エントリーシート 就職活動

エントリーシートを書く前に就職活動について理解しましょう。理系学科の場合、学科や研究室に提携するメーカーなどの企業が新卒予定者の技術総合職の推薦を依頼し、その推薦枠に学生が応募する方式が多いようです。理系の就活は、今まではすぐに、終わることの多かった(推薦応募では、1回の面接で内々定が普通)でしたが、現在では何か月もかかることが多く、内々定するまで複数回の面接を行うのが普通になってきています。最近では、就職活動がいやになり途中でやめてしまい、博士課程への進学を選ぶ学生も増加傾向にあるようです。しかしながら大学院へ進学しても、いつかは卒業しなければならないので問題の先送りでしかありません。推薦方式は、企業にとっては一定の専門分野の知識・技術水準をもった学生を安定して確保できること、学生にとっては就職活動が楽で、就職後も自分の研究を続けられるというメリットがあったので、双方にとって効率の良いシステムであると考えられていました。しかしながら推薦枠についても見直しをする企業が増えているようです。さらに推薦と一口に言っても、学校推薦と教授推薦に分けられます。

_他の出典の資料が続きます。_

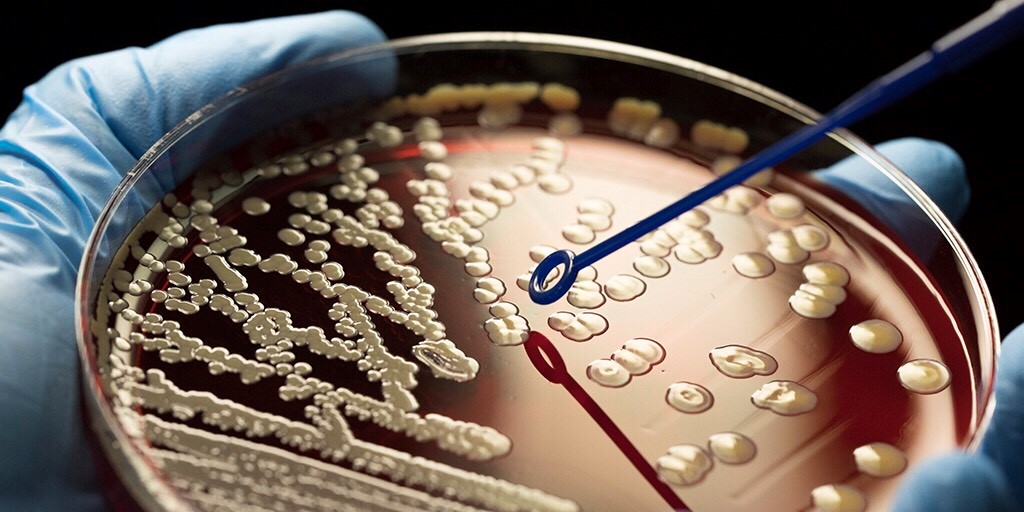 Petri dish with bacteria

学校推薦とは、学部や研究科に対して企業が推薦を依頼するものです。教授推薦とは、特定の研究室に企業が推薦を依頼するものです。これら学校推薦や教授推薦は一般公募に比べ、安定した人材を得られるということで他の場合よりも有利でしょう。しかし、学校推薦は企業によって枠が設けてあり、この場合は規定人数以上の学生は一般公募枠であっても採用されない為、少なからず公平性を失う問題という指摘もあります。また、教授推薦はあくまで教授個人の縁故関係が中心になるため、その教授に何らかの問題がある場合、企業が断るケースも近年では増加傾向にあるようです。毎年安定した人数は確保できるけれども、当たり外れのある推薦募集をやめ、一般募集で技術総合職を採用するケースが増えているようです。これは、バブル崩壊後、企業内教育を行う余裕のなくなった企業が増え、即戦力を求める傾向が強まったからだと言われています。採用する企業が即戦力の人材を求めたり、採用枠自体の減少もあるので、以前に比べて厳しい就活が求められているようです。しかし、推薦があるのは、応用研究を行う工学系や薬学系が大部分であり、基礎研究を行う理学系にはあまりありません。

いづれにしても学生時代にきちんとした実績を出し、企業にアピールできるものをエントリーシートに書きたいものです。